Ousmane Sonko dénonce une exclusion du pouvoir après l’échec des négociations
L’impossible compromis entre PASTEF et la présidence
Lors d’une conférence de presse marquée par une tension palpable, le leader de PASTEF, Ousmane Sonko, a révélé les désaccords profonds qui ont empêché son parti de s’intégrer au nouveau gouvernement. Selon ses déclarations, les échanges avec Bassirou Diomaye Faye et les représentants de la présidence ont rapidement révélé un décalage majeur dans la vision politique et stratégique.
Sonko a souligné que le parti avait exigé un poids décisionnel significatif, notamment en matière de justice, de reddition des comptes et de gestion de la dette publique. Pourtant, malgré des discussions sur des sujets clés comme le pouvoir d’achat ou les renégociations des contrats, aucun accord n’a pu être trouvé. « Dans un régime, c’est la majorité qui doit gouverner », a-t-il rappelé, insistant sur le principe que PASTEF devait choisir le Premier ministre et détenir la majorité au sein de l’exécutif.

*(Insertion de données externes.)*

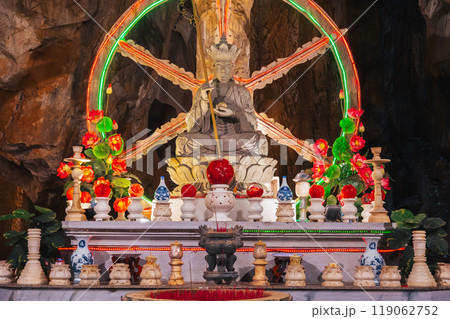 Buddhist temple with statues and sanctuary inside Am Phu Cave in Marble Mountains in Da Nang in Vietnam in Asia Buddhist temple with statues and sanctuary inside Am Phu Cave in Marble Mountains in Da Nang in Vietnam in Asia 119062752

Les négociations, initialement centrées sur une composition gouvernementale de 30 ministres, ont rapidement achoppé sur la question de la représentation de PASTEF. Sonko a précisé que la présidence avait présenté un projet où le parti n’aurait eu qu’une place marginale, rendant toute participation impossible. « Nous n’avons aucun poids sur ce qui se fait », a-t-il déclaré, justifiant ainsi le refus de son parti de rejoindre le gouvernement dirigé par Al Amine Lô.
L’un des points de rupture les plus nets concerne la justice. Sonko a confirmé l’absence totale d’accord sur ce dossier, un sujet particulièrement sensible dans le contexte politique actuel. Ce blocage illustre les tensions persistantes entre les forces politiques et la présidence, mettant en lumière les défis de la coopération au sommet de l’État.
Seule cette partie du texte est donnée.